Файф сам путается в своих воспоминаниях, и не он один. Зрителю легко запутаться в таймлайнах и слоях нарратива: мы бросаемся из начала шестидесятых в их конец, от одной брошенной семьи к другой, от Гира к Элорди, от Умы Турман к Уме Турман (актриса играет тут минимум двух героинь). Периодически вклинивается и сын героя (Зак Шаффер), присутствующий лишь в паре сцен, но являющийся одним из рассказчиков этой истории, в которой ненадёжно вообще всё. Даже формальные приёмы начинают сбоить: только выстроишь себе в голове концепцию переходов из чёрно-белого изображения в цветное, широкоэкранного и академического формата кадра, как режиссёр нарушает то, что со стороны кажется логичным.

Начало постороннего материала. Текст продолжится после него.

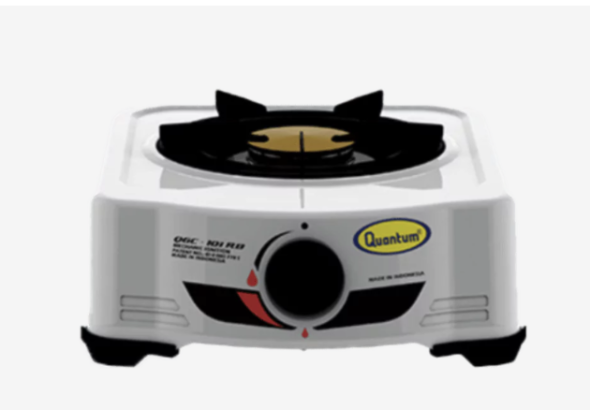 Screenshot 2025-10-25 at 07.30.59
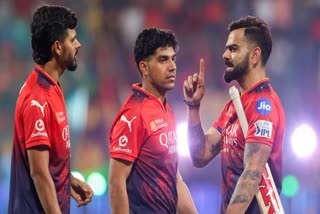 IPL 2025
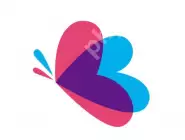 人人红娘APP怎么将聊天记录清掉？将聊天记录清掉的方法说明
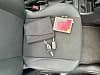 Renault Modus 1.5 dCi 90 ECO² EXCEPTION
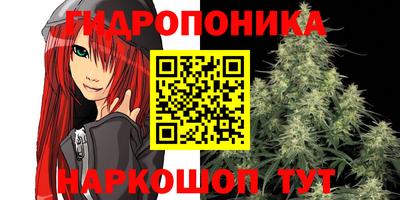 экстази Будённовск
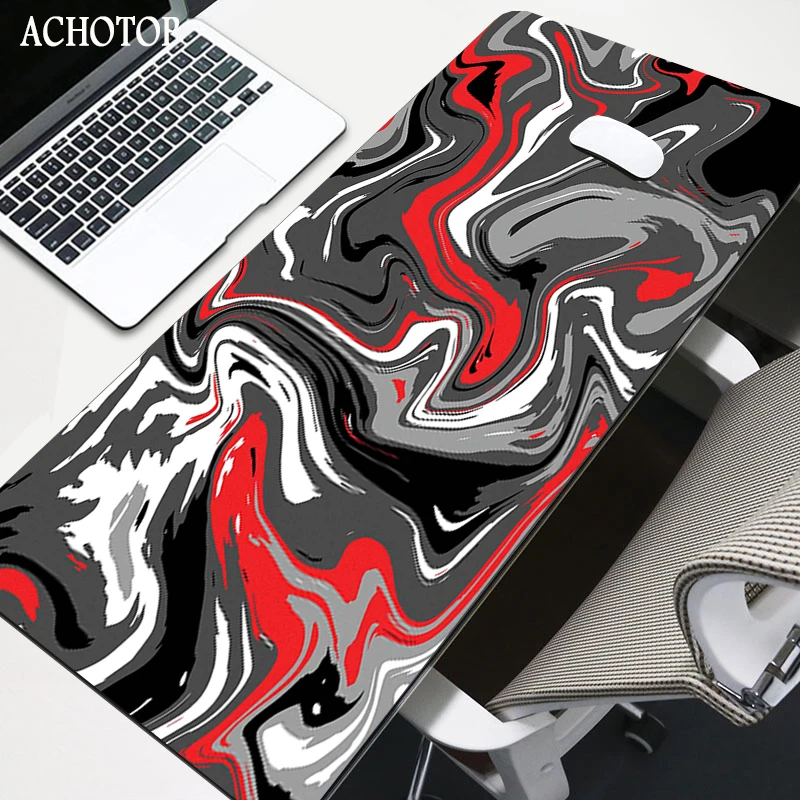 Personalized Fabric Mouse Pad Art Table Mats Office Carpet Desk Pad Mouse Mat Pink Big Mousepad Rubber Mat for Computer Table
Personalized Fabric Mouse Pad Art Table Mats Office Carpet Desk Pad Mouse Mat Pink Big Mousepad Rubber Mat for Computer Table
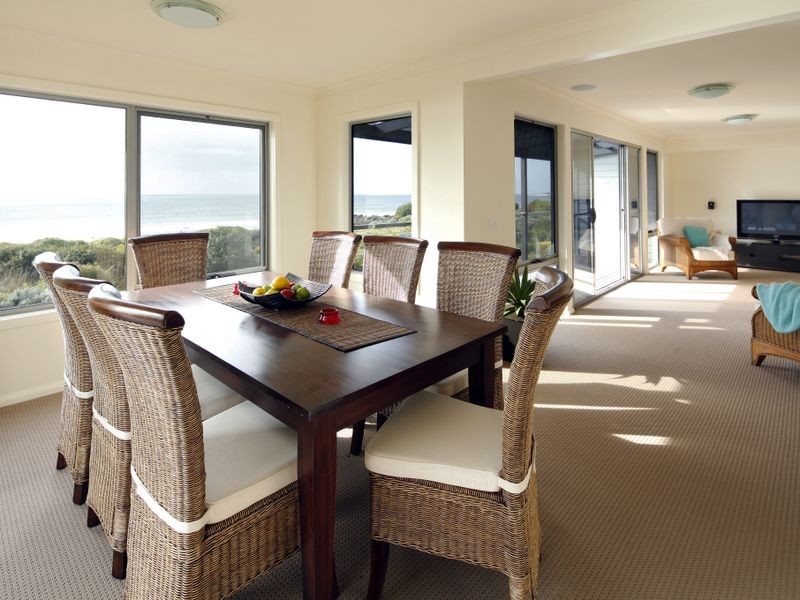 61 Irby Boulevard, Sisters Beach TAS 7321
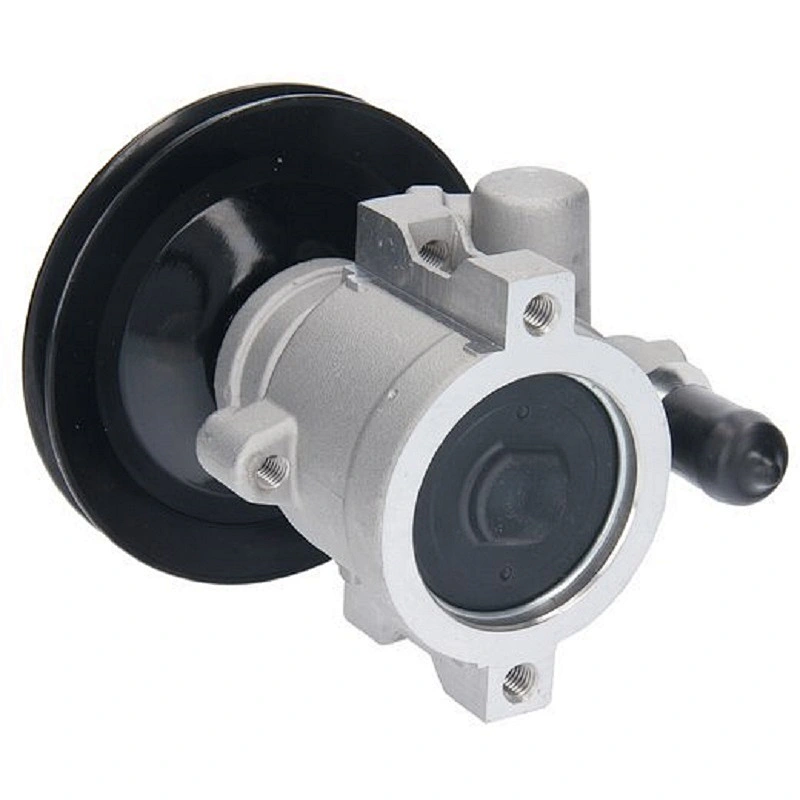 Hydraulic Pump  Power Steering Pump Vane Pump for BMW 5 Touring (E39) 96-04 90297049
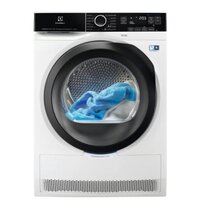 Electrolux EW9H189BP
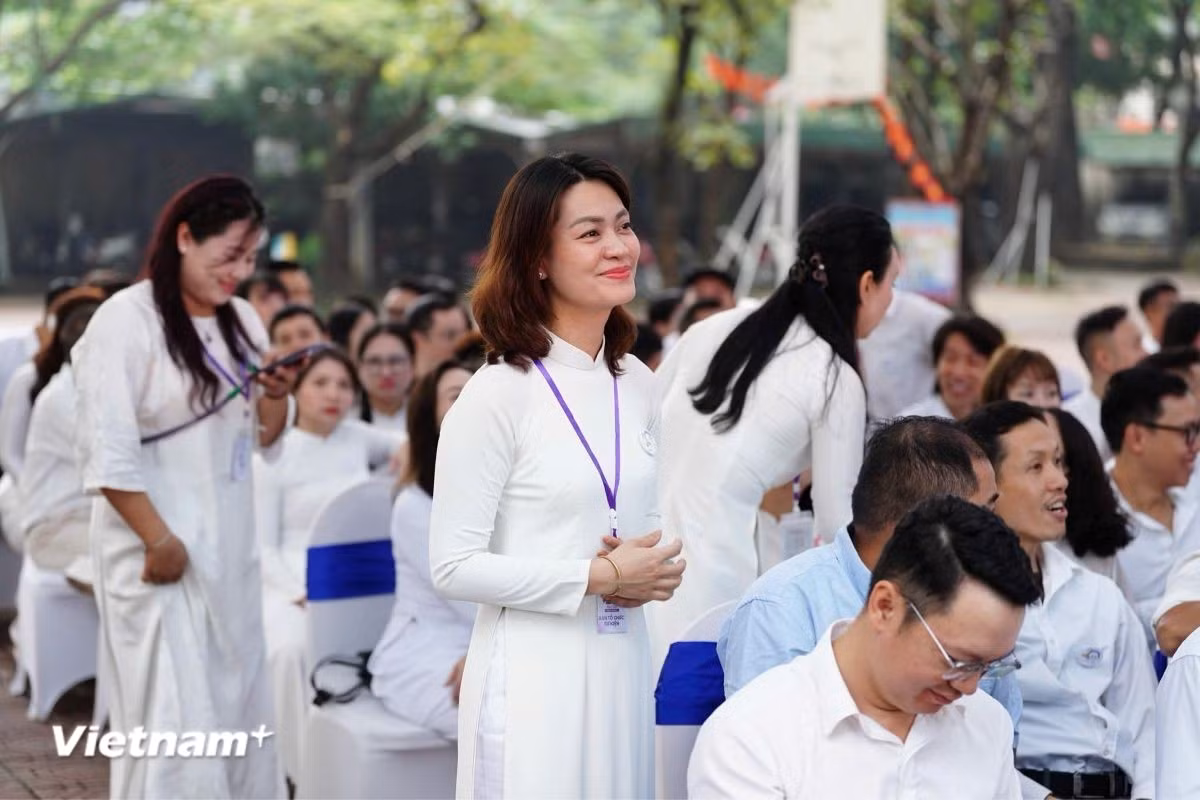 vnp-thanh-nien.jpg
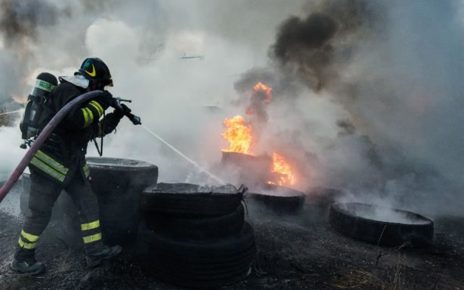 Napoli, Terra dei Fuochi: la Cassazione annulla la confisca dei beni ai Pollini 4 12655760 12655760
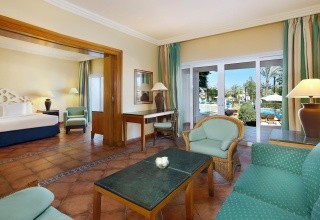 Jaz Sharm Dreams
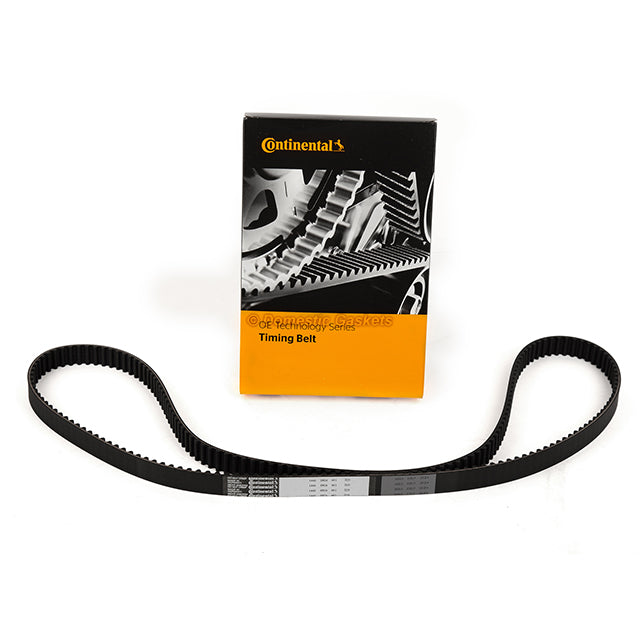 Timing Belt Kit NPW Water Pump Gasket Fit 03-08 Accura Honda J35A J37A 3.5 3.7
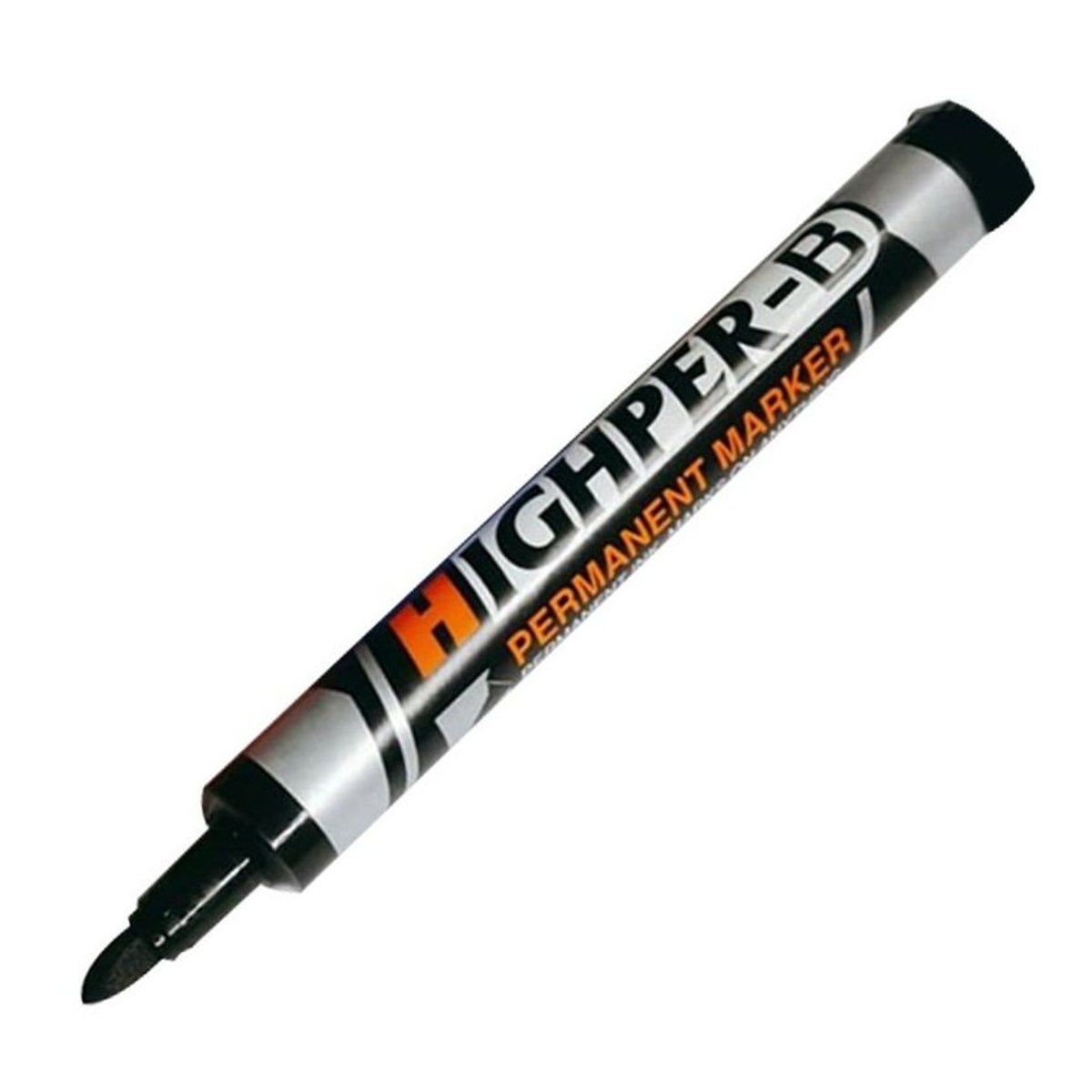 Marcador permanente Highper-B MONAMI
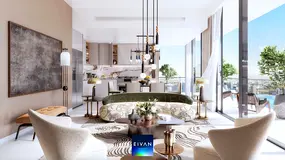 Prime 2BR Investment | High ROI | Creek Waters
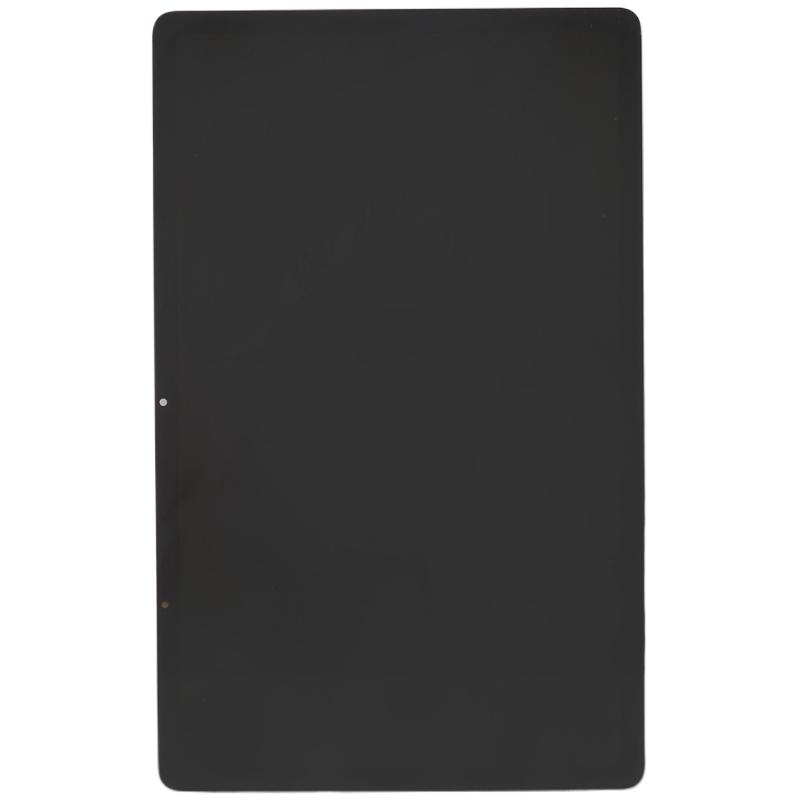 Para Xiaomi Redmi Pad 10.61" Grau S OEM Tela LCD e Montagem do Digitalizador Peça de Reposição (sem logotipo)
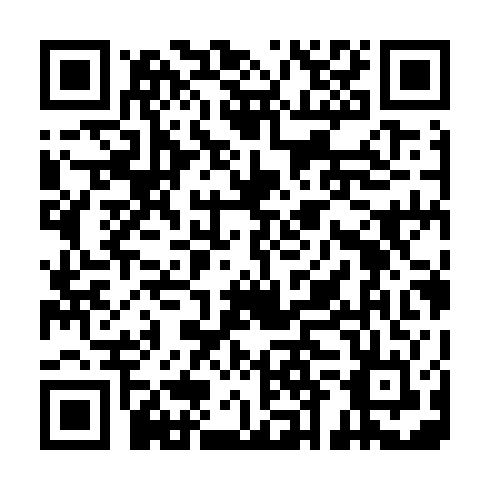 QR code for RYG029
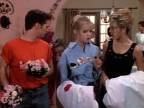 Beverly Hills 90210 2s - 28e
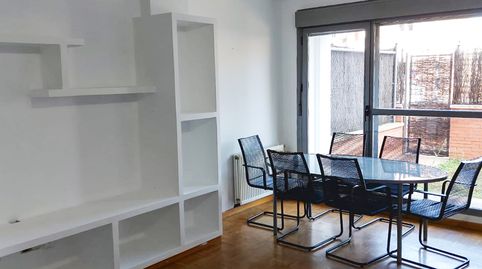 Foto 3 de Dúplex en venda a Calle del Monte Perdido, Perales del Río, Getafe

Легко отшутиться, мол, «О, Канада» кажется фильмом, в котором будто бы забыли снять все важные сцены. Или с деланным добродушием отмахнуться: «Это кино сходит с ума вместе с героем». Но всё кажется и сложнее, и проще. Логическая мозаика (будь то нарративная или формально-кинематографическая) тут не собирается не потому, что автор не смог или не хотел, а потому, что это не предполагается заданными условиями игры. Чем больше мы узнаём про героя Гира — Элорди, тем меньше мы о нём понимаем. А помните, какой киношедевр был устроен схожим образом?

«О, Канада!», Kino Lorber

«О, Канада» заканчивается уморительной цитатой из «Гражданина Кейна», и во многом фильм является если и не диалогом с Уэллсом, то как минимум щелчком по носу старшему гению. Уэллсовский шедевр считается таковым не в последнюю очередь из-за того, что тот обнулял «нормальную» нарративную конструкцию, согласно которой чем больше мы знаем, тем больше понимаем. Разные точки зрения и всё новые подробности не проясняли нам Чарльза Фостера Кейна, а лишь сильнее затуманивали его образ, делали непонятное Непостижимым. Шредер проворачивает нечто подобное со своим Файфом, который жалок и нелеп, мало чем по-настоящему интересен, но к финалу становится Непостижимым. Ложь расщепляет человека, и попытка быть «по-настоящему честным» только сильнее разбивает её на мелкие осколки. «Мы не врём, когда молимся», — говорит герой, но кто такие «мы»?

На исповедь Шредер, к счастью, отвечает не проповедью, но просто подносит зеркало к кинокамере. Предлагает взглянуть на то немногое честное, что может дать киноизображение: портрет лица и пейзаж природы. О, кино.